Königsetappe auf diesem Trip war für uns eindeutig der nächste Tag, mit seinen 18km. Es war der längste und auch abwechslungsreichste Tag dieser Tour. Bei Sonne und endlich mal wieder in kurzen Hosen begannen wir unsere Wanderung um 9.15 Uhr. Es ging im Wald am Flüsschen entlang und teilweise wars ein Wurzelweg wie in Maine auf dem AT. Bald aber öffnete sich der Wald und wir konnten das Tal überblicken. Da wir hier auf Privatgrund und Farmland wanderten, dauerte es nicht lange, und wir begegneten einigen Kühen, die von uns Wanderern doch etwas irritert waren. Die Mütter mit ihren Kälbern beobachteten uns sehr genau, und entspannten sich erst wieder, als sich die Distanz zwischen ihnen und uns vergrößerte.
Mit kräftigem Rückenwind gings weiter durchsTal, immer am naheliegenden, türkisen Flüsschen entlang. Irgendwann mußten wir dann einen Nebenfluß überqueren, mithilfe einer sehr schmalen Swingbridge. Die durfte auch nur von einer Person überquert werden, denn sie bewegte sich heftig hoch über dem Fluss, ich möchte schon sagen, es hatte was schluchtartiges... Ich fands sehr wackelig und beim Runterschauen wurde mir etwas flau, als ich den reißenden Strom durch das Drahtgitter sah. Aber leider brauchte ich auch den Blick auf meine Füße, denn nur dann sah ich die Metallstreben, die irgendwie stabiler wirkten, als das dünne Drahtzeug dazwischen. Uff, irgendwann wars überstanden und Atmung und Herzschlag konnten sich auf festem Boden wieder beruhigen.
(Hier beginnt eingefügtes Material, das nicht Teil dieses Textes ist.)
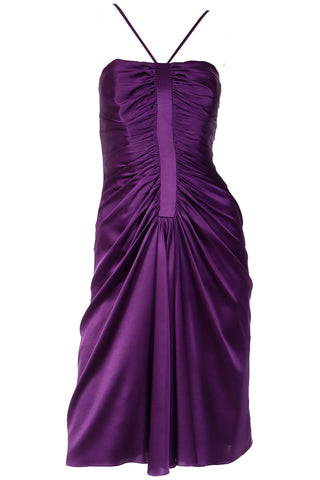 Vintage 1990s Adolfo Dominguez Costura Purple Silk Cocktail Dress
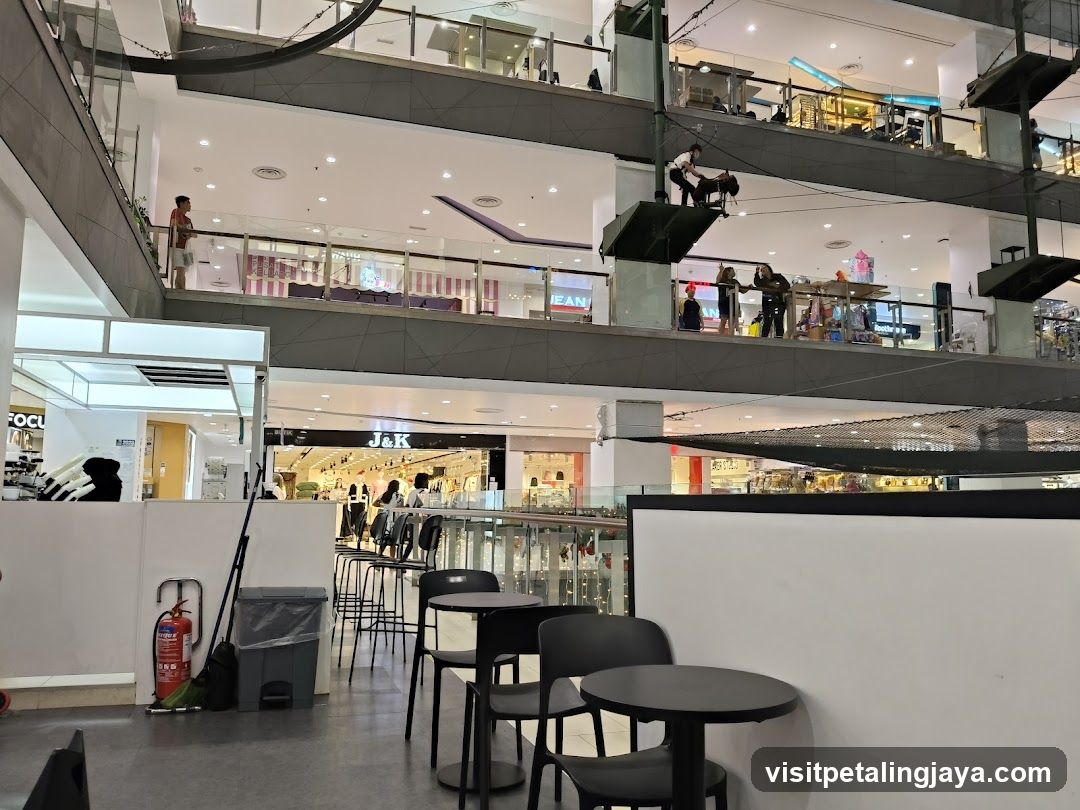 Indoor shopping mall with multiple levels and shops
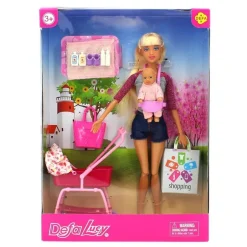 Defa Lucy Muñeca con Bebé y Carrito Surtido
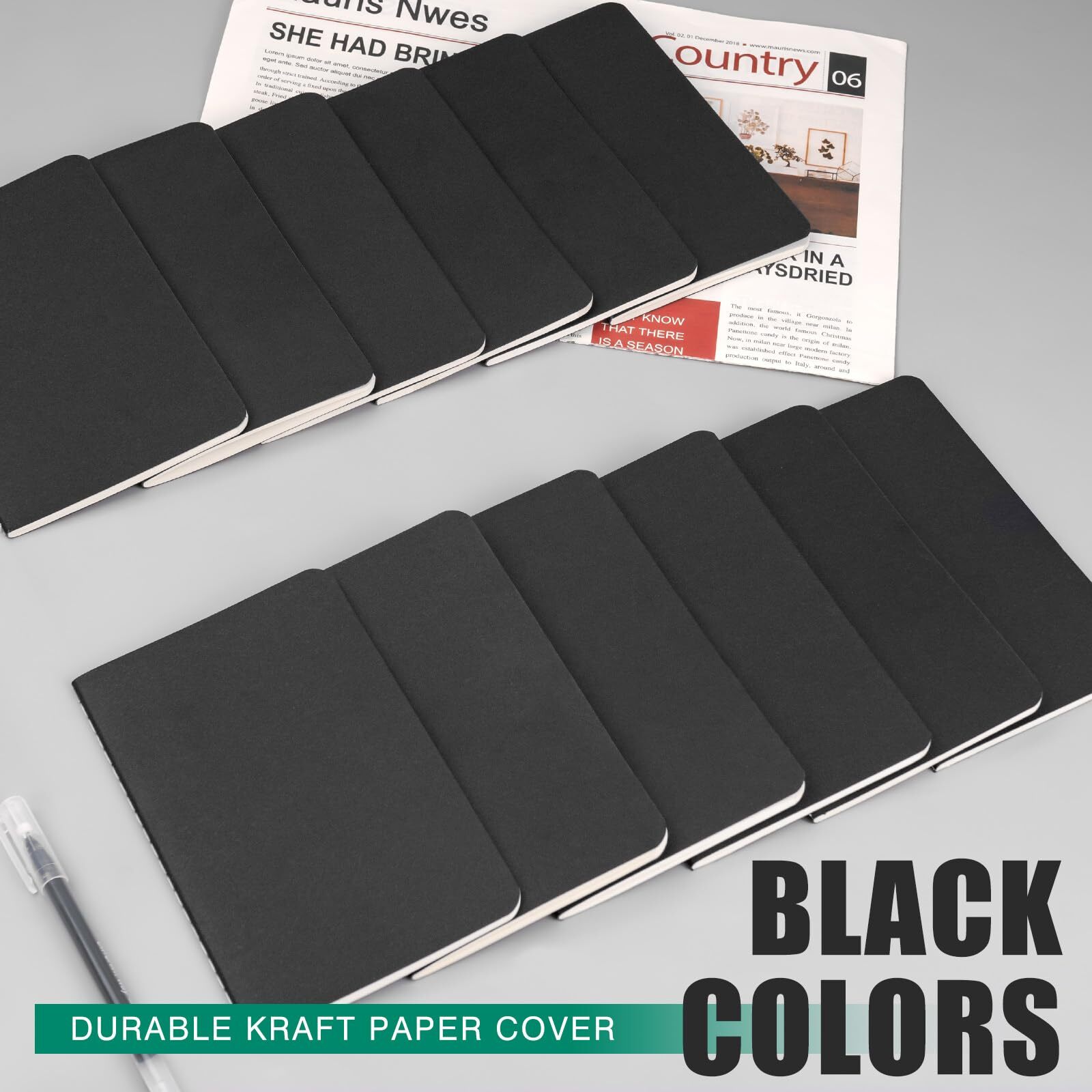 12 Pack Little Notebooks Pocket Size Notebooks 3.5 x 5.5 Softcover Mini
Bis zur Greenstone Hut warens noch ca. 1,5 Stunden, die wir dann gegen 15.30 Uhr erreichten. Wir fanden einen Platz in dem einen Bunkroom, der sich aber später doch leider als sehr laut herausstellte. Schade, dass manche Menschen überhaupt kein Gespür für Lautstärke oder Geräusche haben. Das haben wir auch in den anderen Huts gemerkt, dass die Türen grundsätzlich zugeknallt werden, vom oberen Bunkbett gesprungen wird oder dass man sich in einer Lautstärke unterhält, die durch mehrere Wände zu hören ist. Wahrscheinlich sind wir auch etwas hypersensibel, aber auffällig wars schon und wir entsprechend genervt.
Leider ging die Hut-Kakophonie am nächsten Morgen um 6.30 Uhr weiter, denn viele wollten rechtzeitig am Carpark sein, um den Bus zurück nach Glenorchy bzw. Queenstown zu erwischen. Wir hatten ja einen Transfer mit der Kinloch Lodge organisiert und hätten eigentlich ausschlafen können... Um 8.45 Uhr waren wir auf der Piste, mal wieder mit Poncho bei Regenwetter. Der Weg ging durch Wald und an Wasserfällen vorbei, was ein wirklich schöner Abschluß dieses "Doppeltracks" war. Gegen 13 Uhr waren wir am Carpark und hatten leider keinen Handyempfang, um einen früheren Abholtermin zu vereinbaren. Aber glücklicherweise kam gerade eine DOC Rangerin, die wir um einen Lift zur 12 km entfernten Kinloch Lodge baten. Super, everything works out, somehow ;-)
Fazit des letzten Great Walks: eine super Landschaft mit spektakulären Bergen, für alle, die es gerne einsamer mögen, empfehlen wir eine Wanderung im Februar, wenn keine Ferien sind!
Jetzt sind es noch 4 Tage, die wir hier in Neuseeland verbringen werden, bevor es über Sydney nach Tasmanien geht. Wir sind sehr gespannt und werden berichten.